• **PROBLEM DETAILS**
Repeat the data below in full. Pictures must not be part of the copy.

• **TASK MATERIAL**
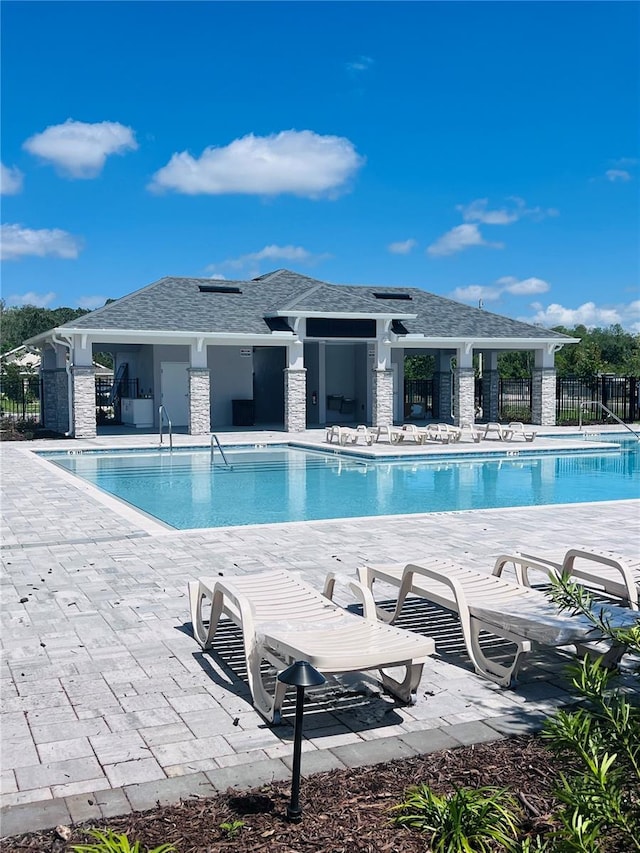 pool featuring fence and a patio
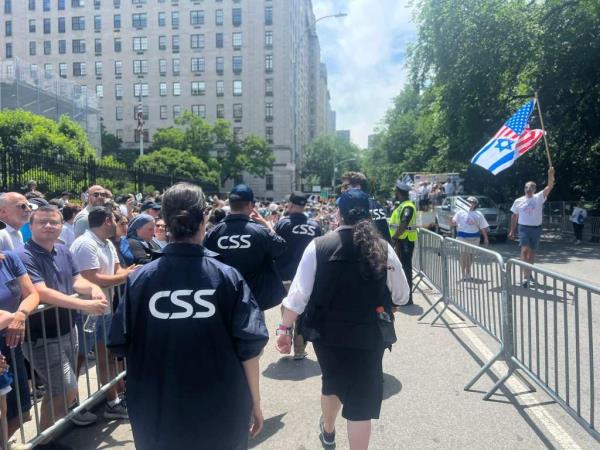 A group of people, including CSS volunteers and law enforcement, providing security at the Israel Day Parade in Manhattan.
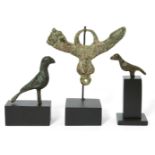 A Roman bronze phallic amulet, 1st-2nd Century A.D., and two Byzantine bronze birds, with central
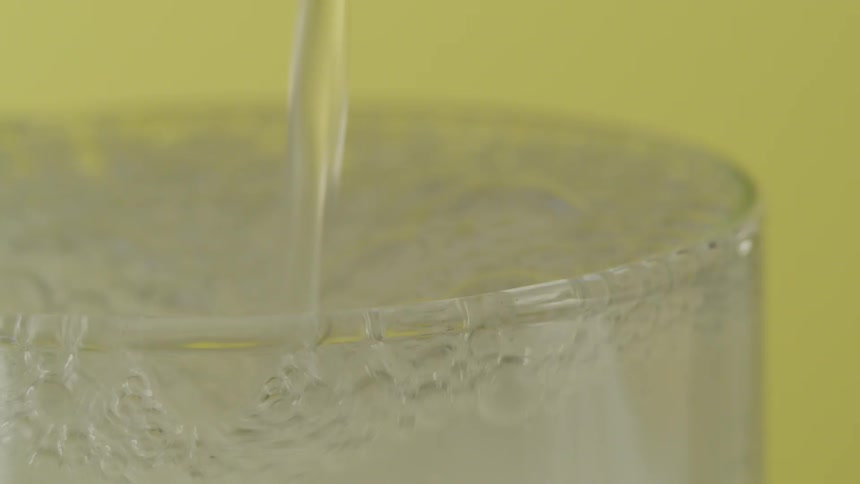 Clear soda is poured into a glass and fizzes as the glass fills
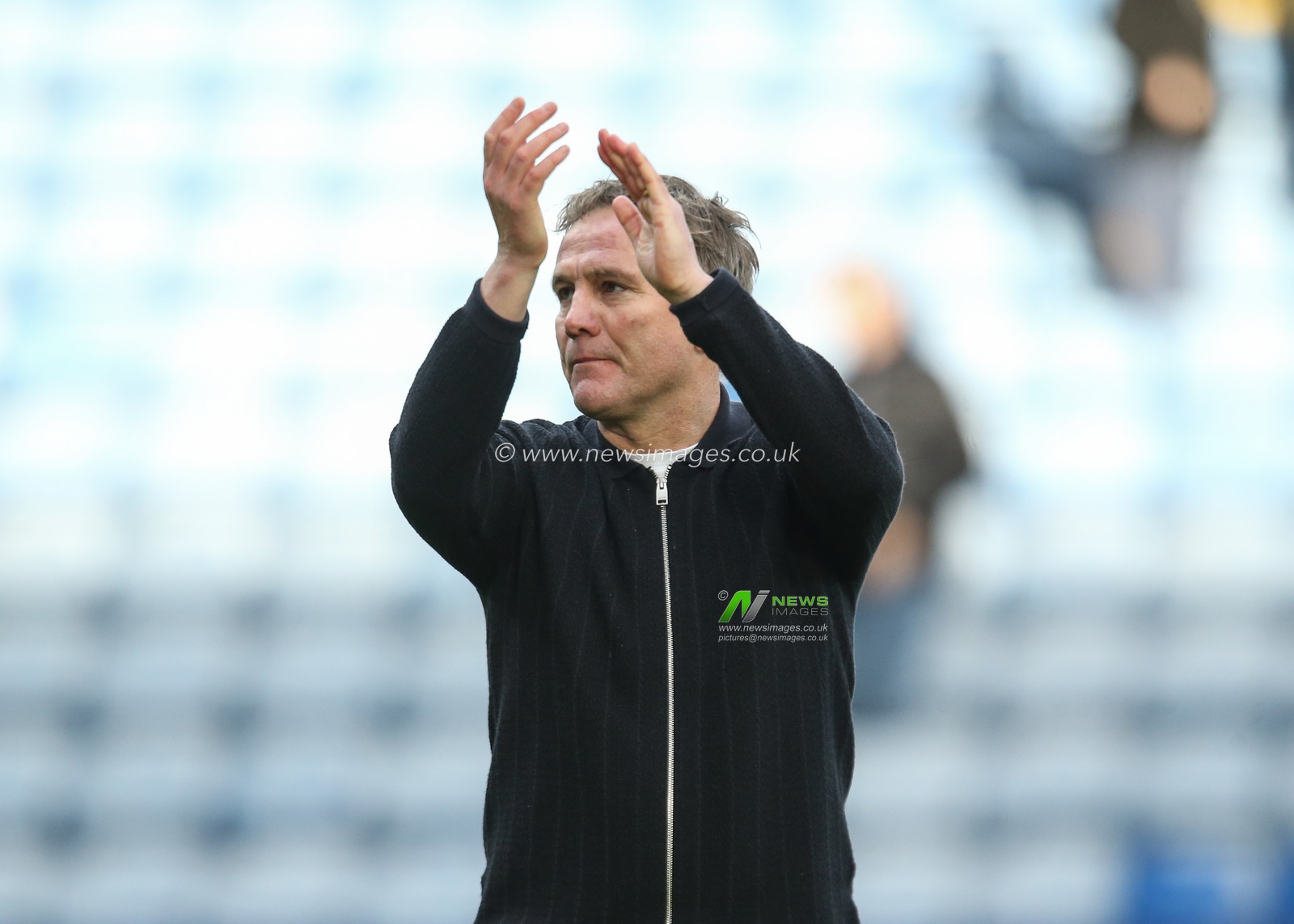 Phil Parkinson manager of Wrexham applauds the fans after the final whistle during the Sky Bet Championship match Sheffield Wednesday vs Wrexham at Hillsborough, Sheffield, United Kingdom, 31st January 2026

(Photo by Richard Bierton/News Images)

• **SOLUTION FOR THIS PROBLEM**
 pool featuring fence and a patio
 A group of people, including CSS volunteers and law enforcement, providing security at the Israel Day Parade in Manhattan.
 A Roman bronze phallic amulet, 1st-2nd Century A.D., and two Byzantine bronze birds, with central
 Clear soda is poured into a glass and fizzes as the glass fills
 Phil Parkinson manager of Wrexham applauds the fans after the final whistle during the Sky Bet Championship match Sheffield Wednesday vs Wrexham at Hillsborough, Sheffield, United Kingdom, 31st January 2026

(Photo by Richard Bierton/News Images)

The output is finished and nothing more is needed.